[LISTED RECORDS]
══════════════════════════════
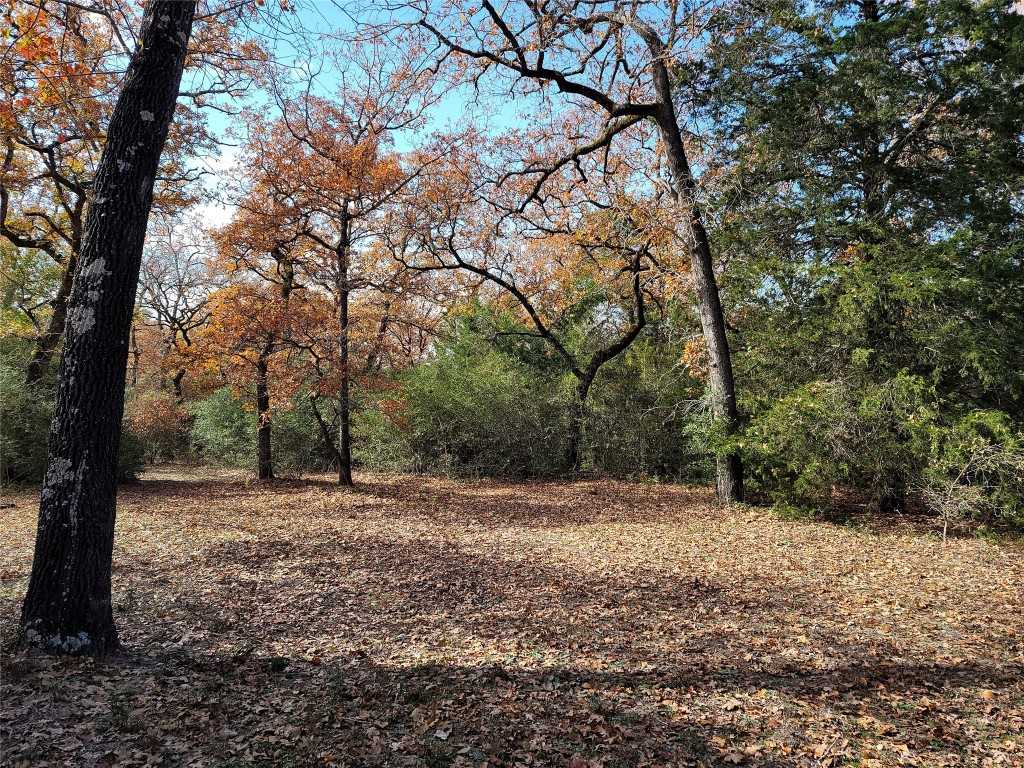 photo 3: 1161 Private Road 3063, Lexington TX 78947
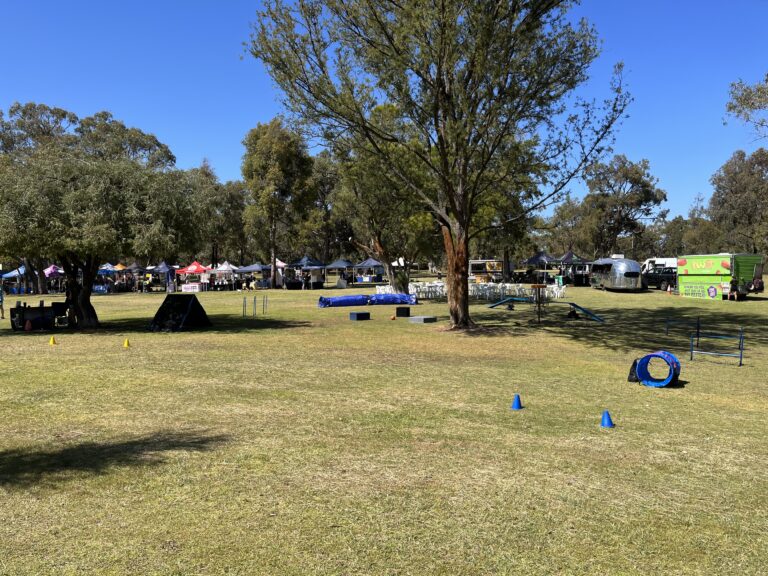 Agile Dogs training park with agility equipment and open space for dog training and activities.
══════════════════════════════
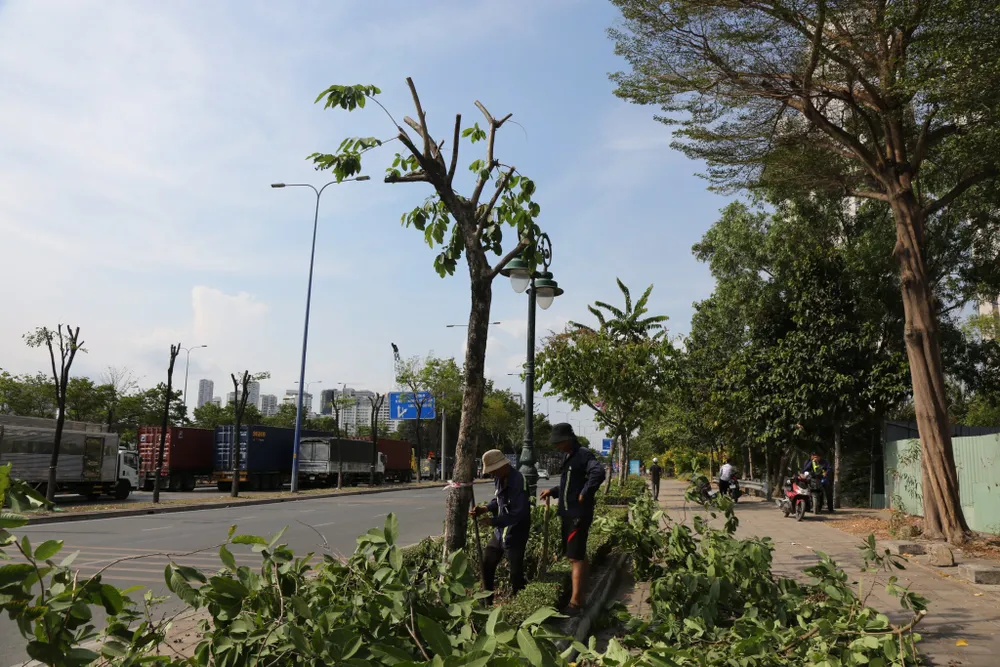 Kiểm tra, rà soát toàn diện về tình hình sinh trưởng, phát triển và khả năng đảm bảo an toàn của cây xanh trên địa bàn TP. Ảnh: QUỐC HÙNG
══════════════════════════════
[WHAT IS BEING ASKED] Starting at the line with "photo 3: 1161" and finishing at the line with "Agile Dogs training", copy the material above exactly, both lines included. Nothing else goes in, and no pictures.

[ANSWER TO THE PROBLEM]
 photo 3: 1161 Private Road 3063, Lexington TX 78947
 Agile Dogs training park with agility equipment and open space for dog training and activities.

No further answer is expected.